My introduction to swag as a youngster was through the beloved gift with purchase. Surely we've all experienced the glory of this department store mainstay, usually from brands like Clinique, Estée Lauder and Lancôme. 

The GWP is a gift set with mini (and sometimes the occasional full-size) products--usually a brand's bestsellers--included when you make a minimum purchase at a brand's counter. They're available a few times a year and, in my opinion, are a great way to sample a brand's selections without making a huge commitment. I love GWPs because the products contained are the perfect TSA-friendly size for travel and the best way to figure out if you want to purchase more from a brand. 

My favourites are usually from Clinique, who frequently offer up gentle moisturisers, eye-makeup remover, neutral makeup shades, and mini tubes of their severely underrated mascaras (seriously, Clinique mascaras are the bomb). 

In that vein are beauty bundle bags, which I've bought from Holt Renfrew here in Canada and have seen advertised in other stores like Nordstrom.
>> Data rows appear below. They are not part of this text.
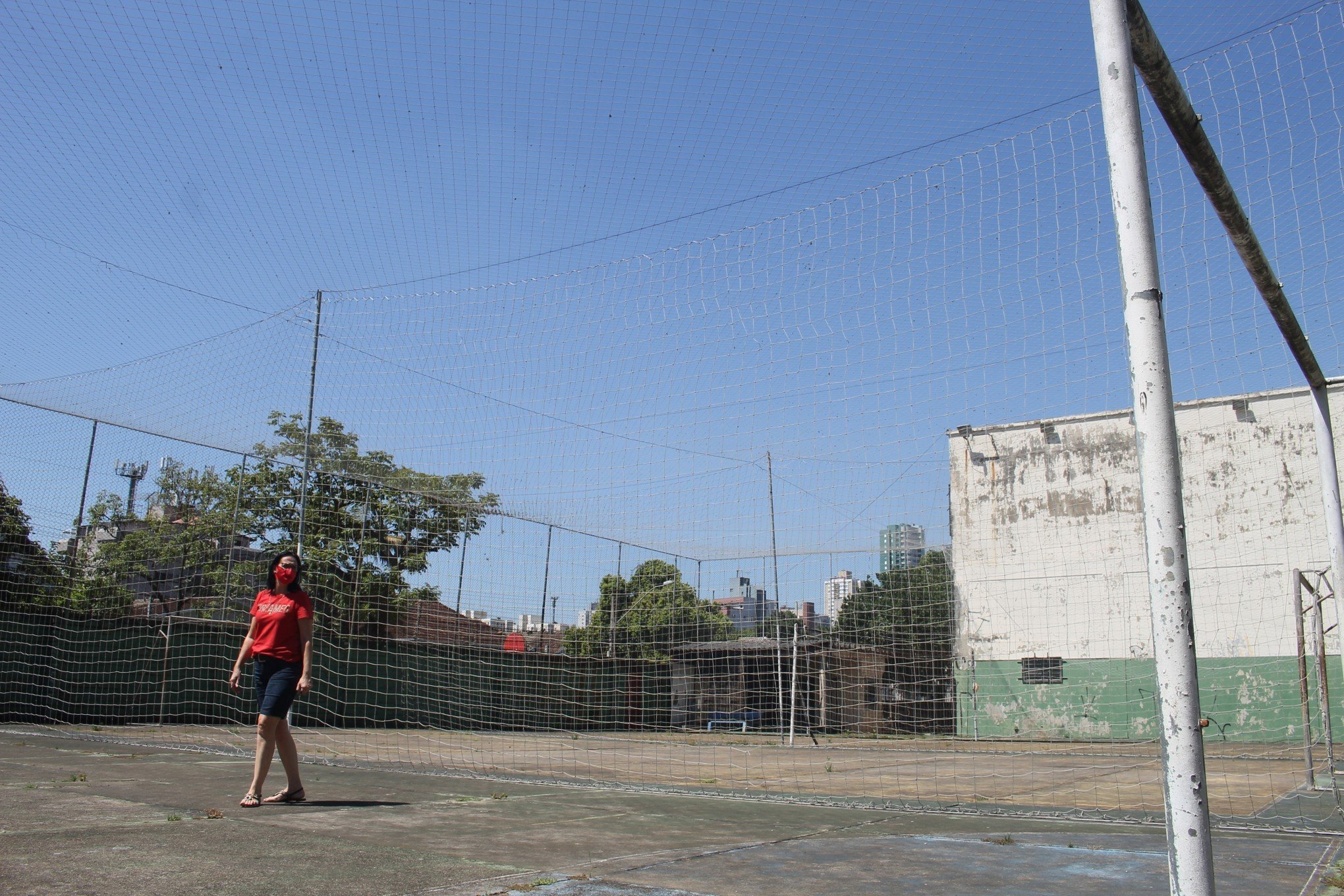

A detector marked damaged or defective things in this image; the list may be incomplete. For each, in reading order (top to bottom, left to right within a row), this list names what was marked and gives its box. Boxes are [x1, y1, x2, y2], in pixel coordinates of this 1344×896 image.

peeling paint wall [951, 378, 1338, 666] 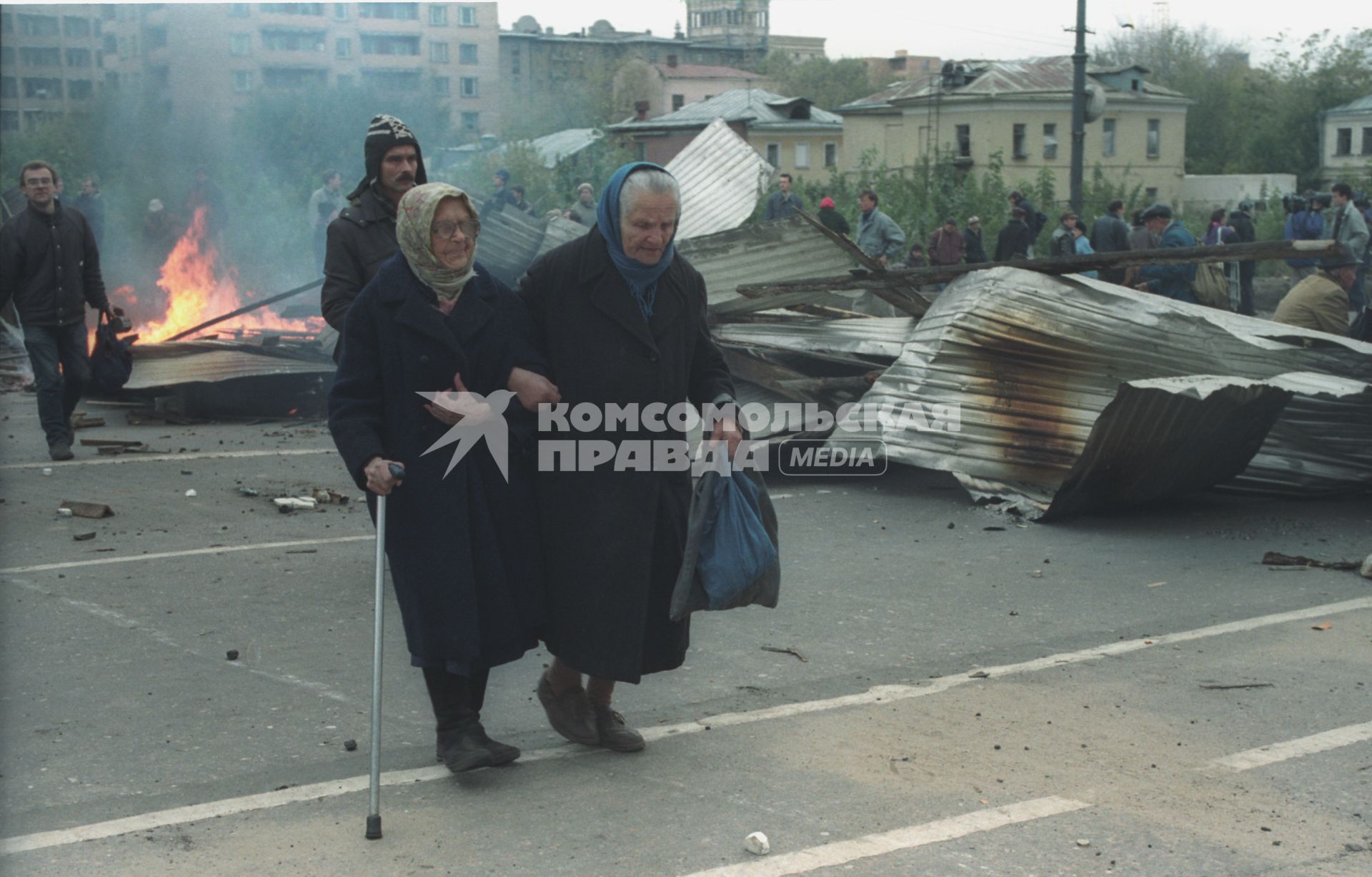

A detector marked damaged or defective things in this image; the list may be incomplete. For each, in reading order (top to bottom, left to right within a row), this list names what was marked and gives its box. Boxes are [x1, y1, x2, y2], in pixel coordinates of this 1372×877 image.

crumpled metal sheet [669, 117, 779, 241]
rusted metal panel [669, 118, 779, 240]
crumpled metal sheet [680, 215, 861, 304]
crumpled metal sheet [834, 266, 1372, 515]
rusted metal panel [834, 266, 1372, 515] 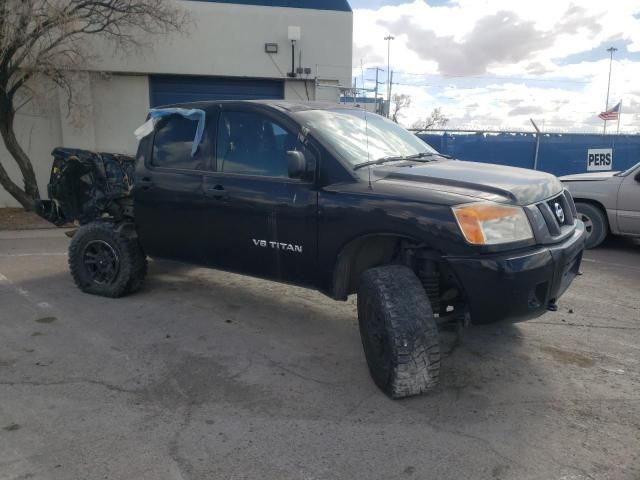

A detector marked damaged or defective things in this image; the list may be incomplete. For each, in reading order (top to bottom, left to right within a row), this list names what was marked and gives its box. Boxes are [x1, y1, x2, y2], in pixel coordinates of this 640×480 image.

shattered windshield [294, 108, 436, 168] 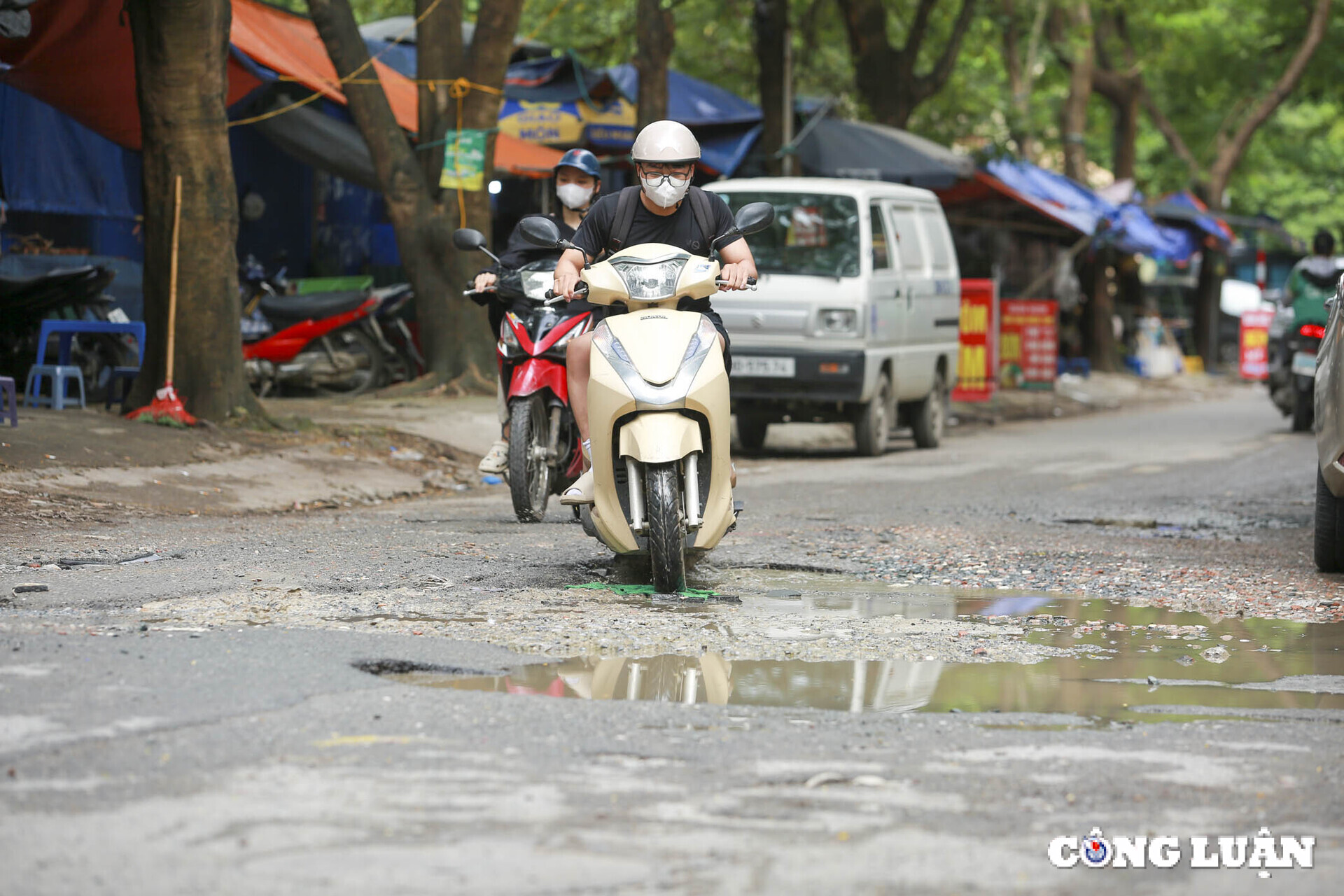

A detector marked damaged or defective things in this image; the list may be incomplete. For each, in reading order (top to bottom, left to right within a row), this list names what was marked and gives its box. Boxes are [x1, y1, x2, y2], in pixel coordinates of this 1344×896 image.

damaged road [2, 389, 1344, 890] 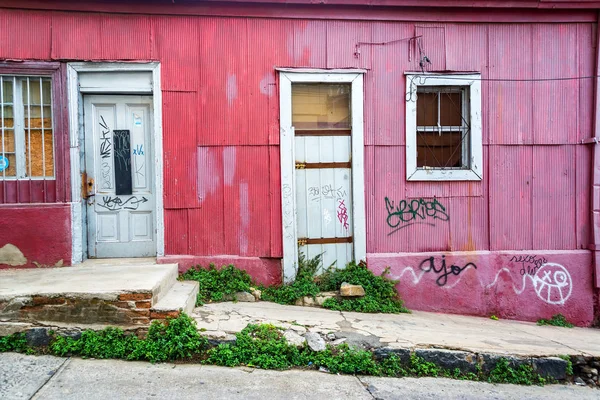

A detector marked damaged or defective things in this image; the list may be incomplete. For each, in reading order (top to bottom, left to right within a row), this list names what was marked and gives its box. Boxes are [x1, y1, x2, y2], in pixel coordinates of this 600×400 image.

peeling paint patch [0, 244, 27, 266]
cracked concrete pavement [191, 304, 600, 356]
cracked concrete pavement [1, 354, 600, 400] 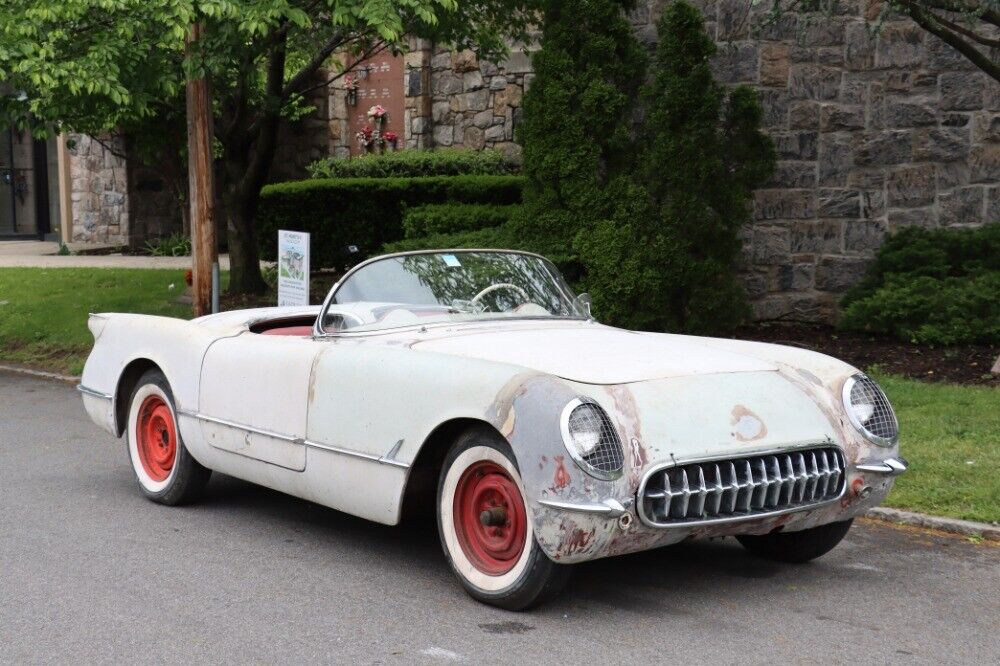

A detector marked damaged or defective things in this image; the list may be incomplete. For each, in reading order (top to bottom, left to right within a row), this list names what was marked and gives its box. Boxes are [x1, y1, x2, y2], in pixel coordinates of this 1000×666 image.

rust patch on body [732, 404, 768, 440]
rust patch on body [556, 454, 572, 490]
For $35 at Holt's, I got a bag full of generously sized luxe samples (a mini NARS eyeshadow primer, a mini Deborah Lippmann polish, setting powder and a mini fan brush from Laura Mercier, travel-size bottles of skin and bath products from Sisley and Molton Brown, just to name a few) along with a coupon for $10 off any beauty purchase over $25. 

PROS:

• Gifts with purchase usually have a wide variety of items to try out, and the sizes are pretty much always TSA-approved so I end up creating a stash specifically for when I go on trips.

• Most department stores, like Saks Fifth Avenue for example, will list available deals online so you can plan your purchase out instead of getting swept up in store.

CON: 

• Like the points programs, you've got to spend to get the freebies. Still, I think it's a great way to get an introduction to a line. I mean, you could buy a product anytime, but wouldn't you rather get a GWP with something you've had your eye on for a while? 

If I were to make one recommendation for a GWP program, I would say wait for Clinique to have a promotion and then pick up a bottle of their Redness Solutions foundation. It's one of my absolute favourites for those days when my skin is red, angry and/or broken out; even coverage that blends beautifully, and a slight yellow tinge to counteract red hues (I'm actually wearing it in the photo above). Perfect for the oncoming allergy season.

Whew, OK! Those are my secrets. Hopefully you learned something new, or perhaps you have your own secret to share? Either way, go forth and save! (Get those freebies, too!)